Türk halkının kitap okuma alışkanlıklarını bu kadar kısa sürede ilerletmiş olmasıysa özel bir araştırma konusu oldu. Yalnızca on yıl önceki istatistikler kişi başına düşen kitap oranının yüzde 5 ile 7,8 olduğunu gösterirken bugünlerde oran yüzde 34 ile 40 arasında görülüyor. Ülkede okunan tüm dallarda ki kitap okuma oranı yüzde 50 ile 60 arasındayken son yıllarda bu oran 75 ile 80 arasında değişmekte. Öyle görünüyor ki Türk halkı gelecek yıllarda da sıralamada ki yerini korumayı başaracak.
- “Hayır, bunlar olmaz, onlar atadan kalma yadigâr ve torunlarıma bırakacağım yegâne hazinem!”
- “Olsun yine de onlar kitap ve yasak! Şimdi çekil önümden.”
- “Lütfen, hiç biri yasaklı kitaplar arasında değil ve bir kısmı el yazması eserler. Onlar bir tarih, lütfen hayır!”
- “Emir bu hanımefendi, hepsi yakılacak!”
- “Senin yüreğin müşrik Ömer’den de mi katı be adam!” Adam bu cümle üzerine durdu. Hikâyeyi biliyordu. “Hz. Ömer, Müslüman olmadan hemen önce Peygamber Efendimizi öldürmek üzere yola çıkmıştır. Bu sırada kız kardeşinin Müslüman olduğu haberini alır ve evine baskına gider. Hiddetlidir, kız kardeşi bile olsa öldürmeyi göze almıştır. Ancak, eve vardığında okunan Kur-an’ı dinler ve kendisine söylenen sözlerle yüreği İslâm’a yelken açar.” Adam ardınca seslenen yaşlı kadına doğru döndü. Elinde iki çuval dolusu deri ciltli eski kitap vardı. Çuvalları yere bıraktı ve kadına seslendi,
- “Affet ana!” dedi sonra ardını dönüp yürüdü. Kapıdan çıkmadan önce yeniden seslendi,
- “İyi sakla, sen bile yerlerini unut yoksa bir başkası onları geride bırakmayabilir.” Dedi ve gözden kayboldu. Kadın koşar adım çuvallara ilerledi. Sımsıkı sarıldı onlara. Gözyaşlarına boğulmuştu. Yerinden kalkıp çuvalları sırtlandı. Bahçenin diğer yanında tavukların kümesi ve öteberi eşyaların konulduğu iki göz, taş duvarlı eski yapıya girdi. Eskiden kış için doldurulan ahşap un ambarlarını zorlukla kenara ittirdi. Zemini kazmaya başladı. Yorgunluk hissetmiyor, gözlerinden süzülen yaşların sonu gelmiyordu. Lakin bu eserleri saklamak zorundaydı. Onlar hem birer hazine hem gelecek kuşaklara mirasıydı.

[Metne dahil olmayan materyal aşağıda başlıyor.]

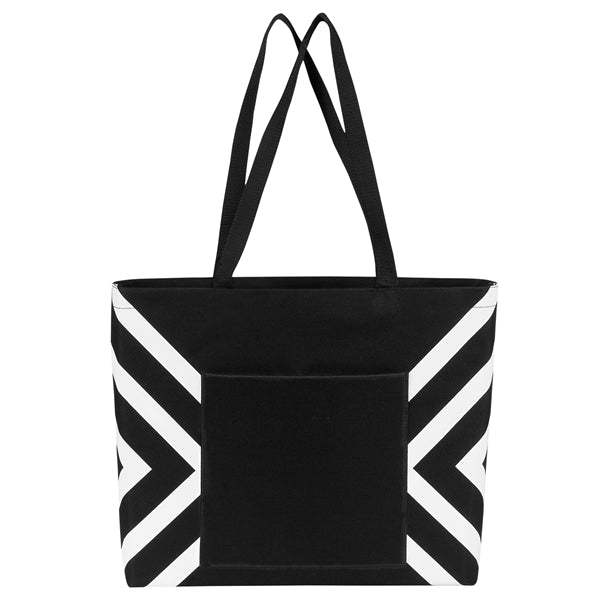 Geometric Print Open Tote Bag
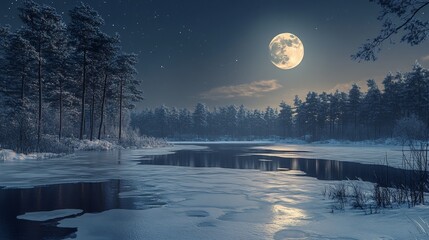 Sticker - Frozen lake in a snowy forest under the light of the full moon, with the ice reflecting the moonlight and the trees silhouetted against the night sky. 4K hyperrealistic photo.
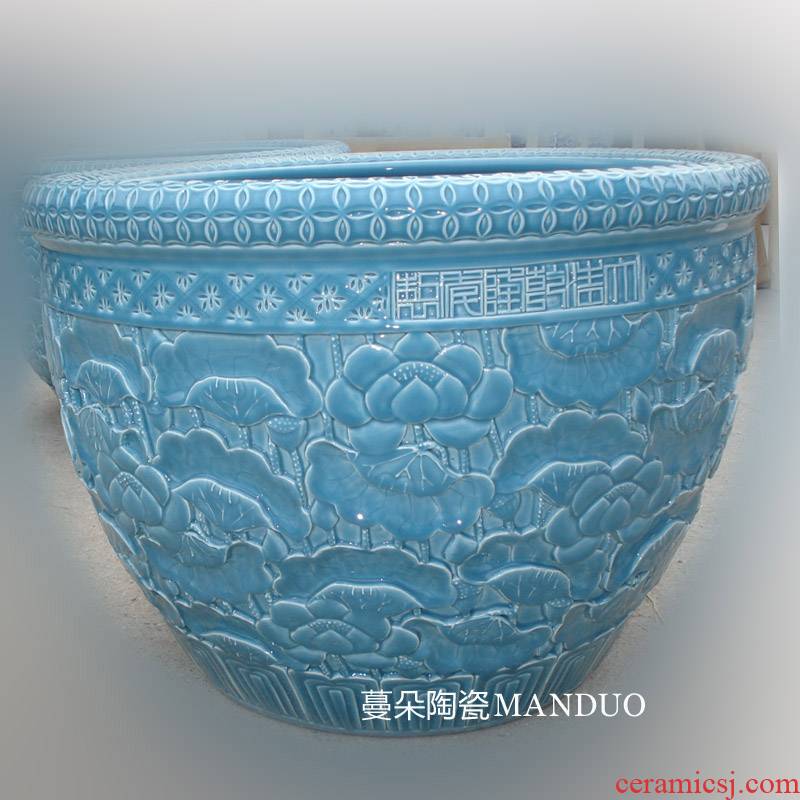 Jingdezhen porcelain crock embossed lotus elegant sitting room adornment with monochromatic pure color porcelain porcelain cylinder cylinder company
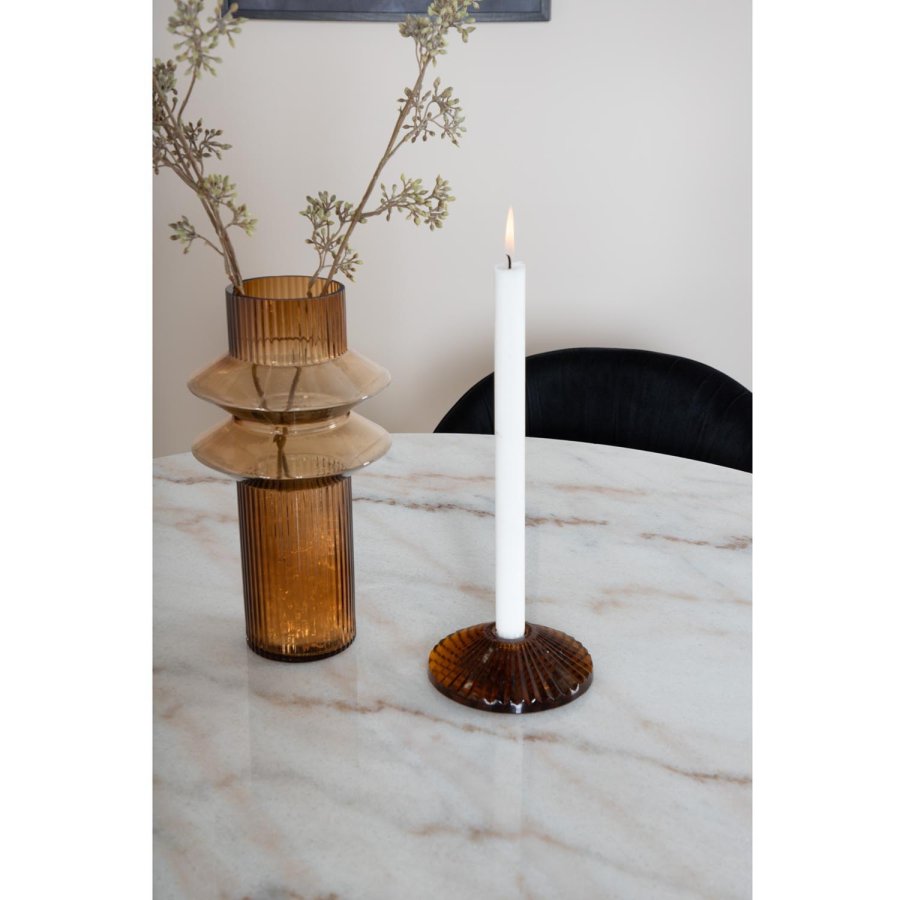 VENTURE DESIGN Estelle Esstisch-Set, mit 4 St&uuml;hlen &ndash; wei&szlig;er Marmor/schwarzes Metall und schwarzer Stoff/schwarzes Metall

Kazdığı kuyunun etrafını kalın naylon ile kapladı. Altını külle doldurdu. Külün üzerine tahtaları dizdi. Olurda nem kaparsa kül ve ağaç nemi çeksin, kitaplara zarar vermesin istiyordu. Sonunda eserleri nazikçe çıkarıp her birini sarıp sarmalayıp kuyuya doldurdu. Üzerini kapattı. Kenarlarına yine kül doldurdu. Ve un ambarlarını yerine ittirdi. Ayağa kalktığında takati kalmamıştı. Zorlukla ayakta durabildi. Sakladığı kitaplara bakarak konuştu,
“Bu devran elbet dönecek. Bilgiye ve inanca karşı başlatılan savaş kaybedilmeye mahkûmdur. Belki ben göremeyeceğim ama siz göreceksiniz. O güne kadar Allah’a emanetsiniz.”
Gerçek hazinenin bilgi olduğu şu dünyada sakladıkları hazineleri cömertçe dağıtan kitaplar ve onları okumayan biz insanlara dair hayali iki kesit sunuyorum. Biri amacımız diğeri insanlığın ayıbı, kesitlerle ilgili yorumu siz değerli okuruma bırakıyorum.
Kıymetli okuyucum, gün oldu Endülüs’ü işgal eden İspanya Kraliçesi İzabella döneminde yasaklanan ve ele geçirildiğinde yakılan kitapların kara dumanları efsane Endülüs şehri Kurtuba semalarını kapladı. Gün oldu, Irak’ı işgal eden ABD ünlü ve en değerli olan Bağdat kütüphanesini yanlışlıkla(!) yaktı. Gün oldu güzel ülkemde birçok eser yasaklandı.
Oysa yazılanların hiçbiri insanlığa karşı değildi. Eksiği, yanlışı olabilir elbette fakat kötü değildi. Aksine insana yol gösteren kimi kıymetli âlimlerin, kimi değerli bilim insanlarının hayatları boyunca elde ettikleri bilgilerin toplandığı küçük hazine sandıklarıydı.
Değerli okuyucum, hiç kimseye “kitap okuyun” demek bana düşmez biliyorum. Lakin okumadığımızda içine düştüğümüz basit çözümlü meselelerde tıkanıp kalmakla; çağın gerisinde kalan ülkemize ve çocuklarımıza miras memleketimize haksızlık etmiş olmaz mıyız?
Kitaplarla yoldaş olan kıymetli okurlara sevgilerimle, hep kitaba kalın, hep kitapla kalınız efendim.